— To do —
In the entries below, find the line with "Charming single-story home" and the line with "A bathroom with a double". Reproduce those two lines and every line between them exactly, and nothing more.

Web page caption snippets
=== Section Start ===

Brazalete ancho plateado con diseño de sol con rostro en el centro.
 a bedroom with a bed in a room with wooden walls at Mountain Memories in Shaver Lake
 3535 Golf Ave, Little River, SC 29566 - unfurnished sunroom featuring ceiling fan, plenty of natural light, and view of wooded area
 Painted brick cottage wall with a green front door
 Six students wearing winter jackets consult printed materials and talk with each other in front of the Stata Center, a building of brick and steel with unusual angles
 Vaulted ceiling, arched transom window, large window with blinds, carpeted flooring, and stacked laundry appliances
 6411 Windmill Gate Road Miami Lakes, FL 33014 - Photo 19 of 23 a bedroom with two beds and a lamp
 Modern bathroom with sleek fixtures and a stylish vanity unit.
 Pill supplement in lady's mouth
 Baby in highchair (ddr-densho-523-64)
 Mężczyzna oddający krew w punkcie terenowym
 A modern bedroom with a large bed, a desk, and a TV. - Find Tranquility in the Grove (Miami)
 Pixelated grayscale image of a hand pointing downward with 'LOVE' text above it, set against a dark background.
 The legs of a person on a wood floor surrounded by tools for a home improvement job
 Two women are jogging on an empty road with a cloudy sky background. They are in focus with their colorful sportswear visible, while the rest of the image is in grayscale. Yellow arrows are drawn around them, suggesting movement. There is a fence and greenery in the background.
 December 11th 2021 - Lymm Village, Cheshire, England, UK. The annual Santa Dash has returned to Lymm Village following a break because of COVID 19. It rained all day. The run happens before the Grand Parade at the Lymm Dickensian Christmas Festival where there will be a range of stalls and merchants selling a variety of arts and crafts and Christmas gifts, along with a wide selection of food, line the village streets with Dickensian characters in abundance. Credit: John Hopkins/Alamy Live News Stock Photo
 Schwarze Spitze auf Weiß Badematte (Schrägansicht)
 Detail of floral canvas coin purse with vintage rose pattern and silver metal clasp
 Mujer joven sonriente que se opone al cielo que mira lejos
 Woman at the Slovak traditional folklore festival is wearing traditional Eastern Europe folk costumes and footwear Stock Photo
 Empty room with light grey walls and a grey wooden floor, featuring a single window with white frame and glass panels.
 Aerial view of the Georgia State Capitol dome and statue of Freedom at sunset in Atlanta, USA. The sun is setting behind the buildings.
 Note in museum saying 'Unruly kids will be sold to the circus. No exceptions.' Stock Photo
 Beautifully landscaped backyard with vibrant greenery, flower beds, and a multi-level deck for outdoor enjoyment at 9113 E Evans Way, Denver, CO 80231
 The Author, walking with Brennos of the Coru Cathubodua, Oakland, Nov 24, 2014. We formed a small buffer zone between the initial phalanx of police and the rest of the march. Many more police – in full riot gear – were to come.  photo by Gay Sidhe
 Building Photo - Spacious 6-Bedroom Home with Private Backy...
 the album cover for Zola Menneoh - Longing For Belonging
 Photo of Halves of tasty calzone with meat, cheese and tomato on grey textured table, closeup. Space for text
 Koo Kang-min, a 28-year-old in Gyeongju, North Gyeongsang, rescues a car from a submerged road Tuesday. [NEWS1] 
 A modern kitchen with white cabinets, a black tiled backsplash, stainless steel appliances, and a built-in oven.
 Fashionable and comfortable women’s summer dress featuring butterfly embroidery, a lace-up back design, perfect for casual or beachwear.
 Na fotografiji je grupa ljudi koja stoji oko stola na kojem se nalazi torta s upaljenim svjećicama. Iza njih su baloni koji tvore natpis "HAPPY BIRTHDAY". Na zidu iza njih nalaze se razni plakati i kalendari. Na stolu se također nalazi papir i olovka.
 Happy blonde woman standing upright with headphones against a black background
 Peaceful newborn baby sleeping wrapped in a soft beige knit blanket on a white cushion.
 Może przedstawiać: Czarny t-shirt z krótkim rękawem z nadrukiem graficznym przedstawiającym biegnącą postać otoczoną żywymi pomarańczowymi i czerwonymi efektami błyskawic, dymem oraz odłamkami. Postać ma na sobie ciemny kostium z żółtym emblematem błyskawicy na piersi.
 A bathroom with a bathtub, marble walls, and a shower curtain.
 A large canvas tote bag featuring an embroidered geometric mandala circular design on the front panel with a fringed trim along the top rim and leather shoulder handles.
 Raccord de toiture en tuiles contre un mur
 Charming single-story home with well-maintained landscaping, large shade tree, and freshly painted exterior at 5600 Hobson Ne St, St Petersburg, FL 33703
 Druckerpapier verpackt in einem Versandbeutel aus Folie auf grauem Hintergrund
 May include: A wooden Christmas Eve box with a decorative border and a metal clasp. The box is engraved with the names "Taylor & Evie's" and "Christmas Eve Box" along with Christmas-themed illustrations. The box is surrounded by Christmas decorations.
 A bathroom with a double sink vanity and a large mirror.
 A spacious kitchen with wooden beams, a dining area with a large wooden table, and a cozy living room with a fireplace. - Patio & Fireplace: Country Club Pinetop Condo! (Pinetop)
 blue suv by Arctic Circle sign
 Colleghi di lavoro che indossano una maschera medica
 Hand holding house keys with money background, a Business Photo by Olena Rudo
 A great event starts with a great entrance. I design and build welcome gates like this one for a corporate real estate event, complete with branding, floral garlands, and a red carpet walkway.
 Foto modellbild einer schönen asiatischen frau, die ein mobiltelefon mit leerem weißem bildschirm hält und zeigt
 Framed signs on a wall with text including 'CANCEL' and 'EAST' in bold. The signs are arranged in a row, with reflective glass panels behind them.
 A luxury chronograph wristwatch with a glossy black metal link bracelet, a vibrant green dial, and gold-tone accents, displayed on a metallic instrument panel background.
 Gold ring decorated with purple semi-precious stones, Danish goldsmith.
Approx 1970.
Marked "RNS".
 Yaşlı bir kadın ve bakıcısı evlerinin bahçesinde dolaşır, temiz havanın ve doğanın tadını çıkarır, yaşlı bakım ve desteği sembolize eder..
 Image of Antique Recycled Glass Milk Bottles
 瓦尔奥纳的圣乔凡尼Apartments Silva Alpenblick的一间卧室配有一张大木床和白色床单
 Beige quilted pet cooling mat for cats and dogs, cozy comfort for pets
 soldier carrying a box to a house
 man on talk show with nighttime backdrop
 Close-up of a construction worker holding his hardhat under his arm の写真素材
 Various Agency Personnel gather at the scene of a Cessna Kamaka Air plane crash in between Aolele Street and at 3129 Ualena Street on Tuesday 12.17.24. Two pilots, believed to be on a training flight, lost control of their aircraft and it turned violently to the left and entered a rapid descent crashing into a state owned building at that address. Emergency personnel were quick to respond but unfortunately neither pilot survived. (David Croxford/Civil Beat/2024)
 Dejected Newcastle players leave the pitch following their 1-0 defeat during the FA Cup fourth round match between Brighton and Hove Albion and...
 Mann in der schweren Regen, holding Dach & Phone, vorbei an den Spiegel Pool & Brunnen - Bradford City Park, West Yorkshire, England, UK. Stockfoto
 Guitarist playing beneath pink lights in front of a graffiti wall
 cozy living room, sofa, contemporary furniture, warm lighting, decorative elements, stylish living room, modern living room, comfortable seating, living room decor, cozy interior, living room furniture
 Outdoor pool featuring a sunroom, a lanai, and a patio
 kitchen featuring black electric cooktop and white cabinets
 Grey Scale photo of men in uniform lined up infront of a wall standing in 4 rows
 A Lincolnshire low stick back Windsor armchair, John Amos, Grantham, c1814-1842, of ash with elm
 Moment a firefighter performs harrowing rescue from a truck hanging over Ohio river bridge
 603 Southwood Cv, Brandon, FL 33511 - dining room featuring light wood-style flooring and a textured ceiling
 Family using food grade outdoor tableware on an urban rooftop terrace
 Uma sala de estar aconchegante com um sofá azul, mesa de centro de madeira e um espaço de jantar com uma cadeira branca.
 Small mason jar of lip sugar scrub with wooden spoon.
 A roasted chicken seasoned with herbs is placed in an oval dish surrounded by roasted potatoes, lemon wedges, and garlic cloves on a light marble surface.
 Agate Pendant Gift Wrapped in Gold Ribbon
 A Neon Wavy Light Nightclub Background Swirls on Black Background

=== Section End ===

— Exercise answer —
 Charming single-story home with well-maintained landscaping, large shade tree, and freshly painted exterior at 5600 Hobson Ne St, St Petersburg, FL 33703
 Druckerpapier verpackt in einem Versandbeutel aus Folie auf grauem Hintergrund
 May include: A wooden Christmas Eve box with a decorative border and a metal clasp. The box is engraved with the names "Taylor & Evie's" and "Christmas Eve Box" along with Christmas-themed illustrations. The box is surrounded by Christmas decorations.
 A bathroom with a double sink vanity and a large mirror.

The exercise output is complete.